Ryan, mon petit fils, l’enfant de mes enfants, mon enfant,
mon amour.
Tu es le petit homme qui ne ressemble à personne car tu ne
ressembles qu’à ces deux personnes qui sont tes parents. Cette ressemblance à
la fois inexistante et exclusive est très troublante et elle me plait.
Tu es celui qui vient me dire que la chaleur du Sahara est au
creux de ton ventre, que la rue de la kasbah est au bout de ton doigt, que la
douceur du thé est sur tes lèvres.
Tu es le petit homme au profil de pharaon et aux yeux d’un
Orient débordant de rêves.
Tu es le petit homme incarnant mes souvenirs de pays que je
ne reverrai plus.
Tu es mon évidence. Je te connaissais avant que tu ne
viennes au monde, je savais qu’un jour tu serais là et me tiendrais la main
avec confiance.
Je la sens toujours ta petite main dans la mienne, toute
abandonnée et aimante et je ne la lâcherai pas.
Nous savions qu’il allait falloir être fort depuis déjà un
moment, mais depuis vendredi soir nous le savons encore plus.
Les crevures qui veulent nous empêcher de vivre n’auront pas
le dessus, je te le promets. Nous allons continuer à vivre, à rire, à boire, à
être irrespectueux, à être artiste, à déranger, ça je te le jure.
Nous allons aussi empêcher les salopards de fascistes de
faire la loi.
Je sais que tout cela est compliqué pour toi et c’est mieux que tu ne comprennes pas tout et que tu laisses juste ta petite main dans la mienne.
Je sais que tout cela est compliqué pour toi et c’est mieux que tu ne comprennes pas tout et que tu laisses juste ta petite main dans la mienne.

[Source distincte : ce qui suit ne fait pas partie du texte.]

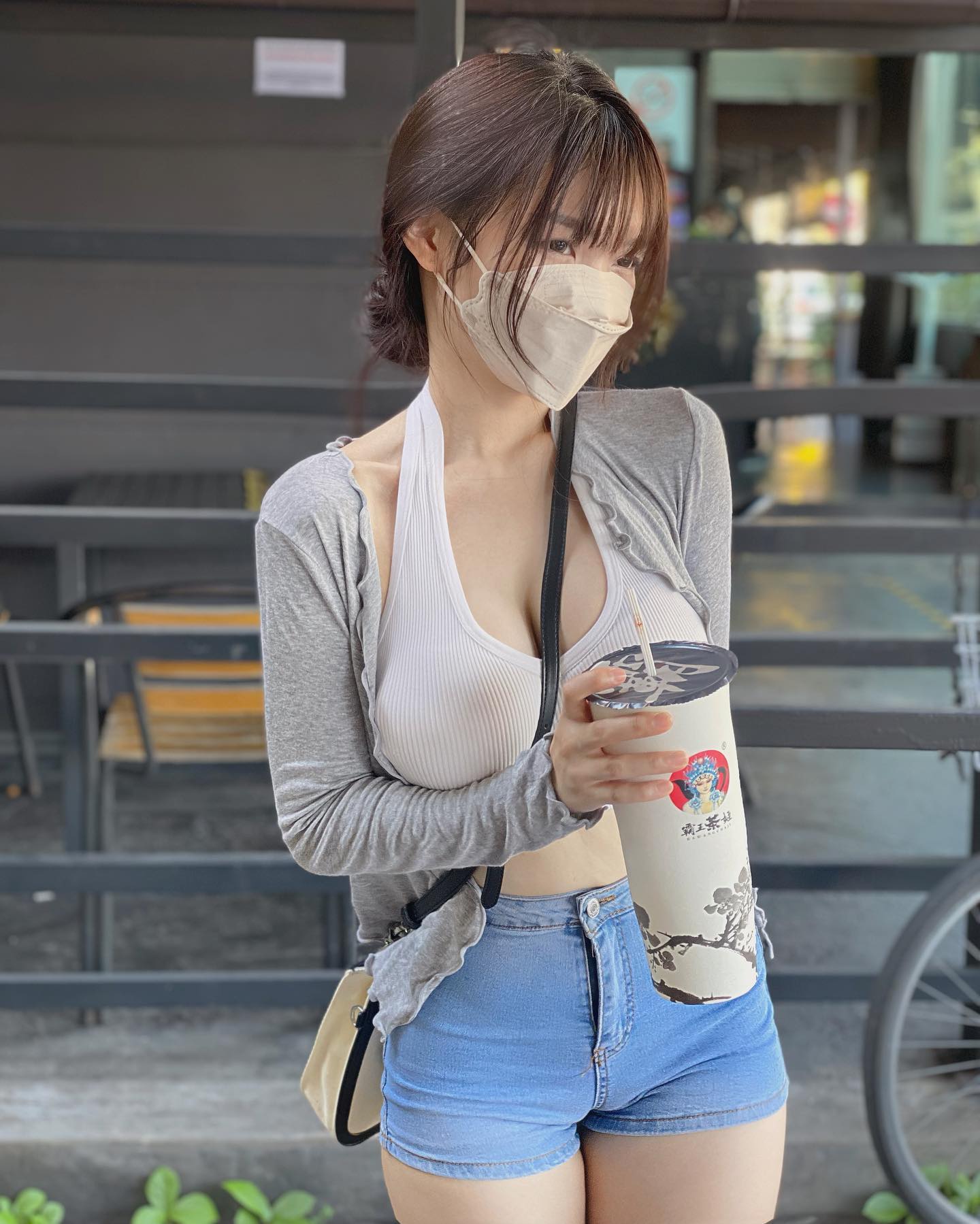 物理治療實習正妹「瑋兒」健身照狂吸萬讚！發文甜美問：可以教我撸鐵嗎？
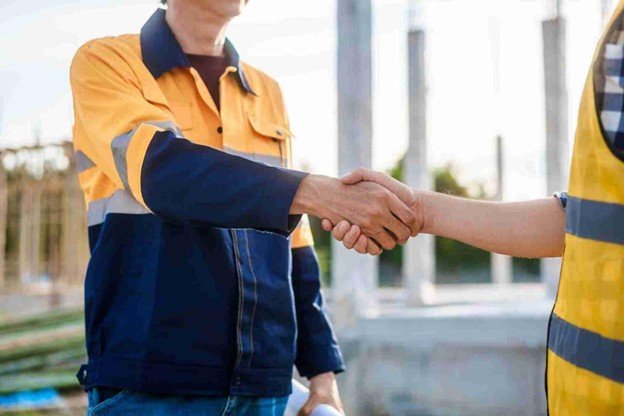 Summit Tree Experts representative shaking hands with a satisfied homeowner after completing professional emergency tree service in Arnold, MO.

Moi, je sais ce que j’ai à faire et à dire et tu peux
compter sur moi.
Cela fait déjà bien longtemps que je dis à des gens que je
ne les aime pas et que je ne veux plus les voir, mais je crois que je vais me
montrer plus vigilante encore.
Tu vois, c’est comme ça, mais je ne leur trouve pas d’excuses
à ces gens racistes qui ne font pas de différence entre une crevure islamiste
et un musulman ou tout simplement quelqu’un qui est né de l’autre côté de la Méditerranée.
Je suis du même avis que Philippe Torreton, il n’y a plus d’excuse car à force
de vouloir les comprendre on les laisse prendre de l’importance et un jour il
sera trop tard.
Dans un an et demi, nous allons élire notre Président de la
République et il faudra choisir. Cela sera peut-être compliqué et nous ne
savons pas encore quels seront les noms des candidats mais je sais ce que j’aurais
à faire ce jour là.
C’est un peu pour cela que je t’écris aujourd’hui Ryan, c’est
pour te dire ne pas t’inquiéter, on ne va pas faire n’importe quoi.
J’espère que je pourrai jusqu’au bout voter pour le candidat
de gauche, mais ce n’est pas certain. Si jamais ce n’était plus possible, je
voterai pour le candidat qui sera en face de Marine le Pen, celle qui est
fasciste et dont nous ne voulons pas.
Je viens te dire cela car jusqu’à cette semaine, je pensais
que cela était évident d’empêcher Marine le Pen de prendre le pouvoir, mais
j’ai peur de comprendre que les évènements très graves que nous vivons ne
fassent infléchir des mentalités en inventant des peurs et des haines.
Je te fais cette promesse que je voterai pour le candidat
qui sera en face d’elle car c’est le seul moyen dont nous disposons pour voter
contre elle et ceci quel que soit le candidat.
Je l’ai déjà fait et je ne l’ai pas regretté même si le
Président Chirac n’a jamais semblé se souvenir que j’avais voté pour lui. Je
lui en ai un peu voulu sur le coup, mais après j’ai bien réalisé que je n’avais
pas voté pour lui, mais contre le Pen, donc c’était un peu normal qu’il ne
fasse pas trop cas de moi.
Nous ne lâcherons rien Ryan.
Ta petite main dans la mienne.
Tes yeux des mille et une nuit pour éclairer notre chemin.